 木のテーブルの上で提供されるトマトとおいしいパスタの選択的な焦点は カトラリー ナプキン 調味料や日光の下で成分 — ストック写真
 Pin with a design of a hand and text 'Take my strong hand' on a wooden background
==
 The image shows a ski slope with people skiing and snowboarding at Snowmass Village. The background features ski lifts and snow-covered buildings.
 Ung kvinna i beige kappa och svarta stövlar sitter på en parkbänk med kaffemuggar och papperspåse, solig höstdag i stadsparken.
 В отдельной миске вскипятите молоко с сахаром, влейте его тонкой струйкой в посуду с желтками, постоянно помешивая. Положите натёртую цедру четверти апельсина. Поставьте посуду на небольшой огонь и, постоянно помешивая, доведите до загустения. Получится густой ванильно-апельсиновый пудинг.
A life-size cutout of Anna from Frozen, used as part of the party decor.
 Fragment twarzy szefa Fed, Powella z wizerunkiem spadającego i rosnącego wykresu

WHAT TO PRODUCE »
Send back an exact copy of only the lines from the line with "木のテーブルの上で提供されるトマトとおいしいパスタの選択的な焦点は カトラリー ナプキン" up to and including the line with "Pin with a design" in the data above.

ANSWER BOX »
 木のテーブルの上で提供されるトマトとおいしいパスタの選択的な焦点は カトラリー ナプキン 調味料や日光の下で成分 — ストック写真
 Pin with a design of a hand and text 'Take my strong hand' on a wooden background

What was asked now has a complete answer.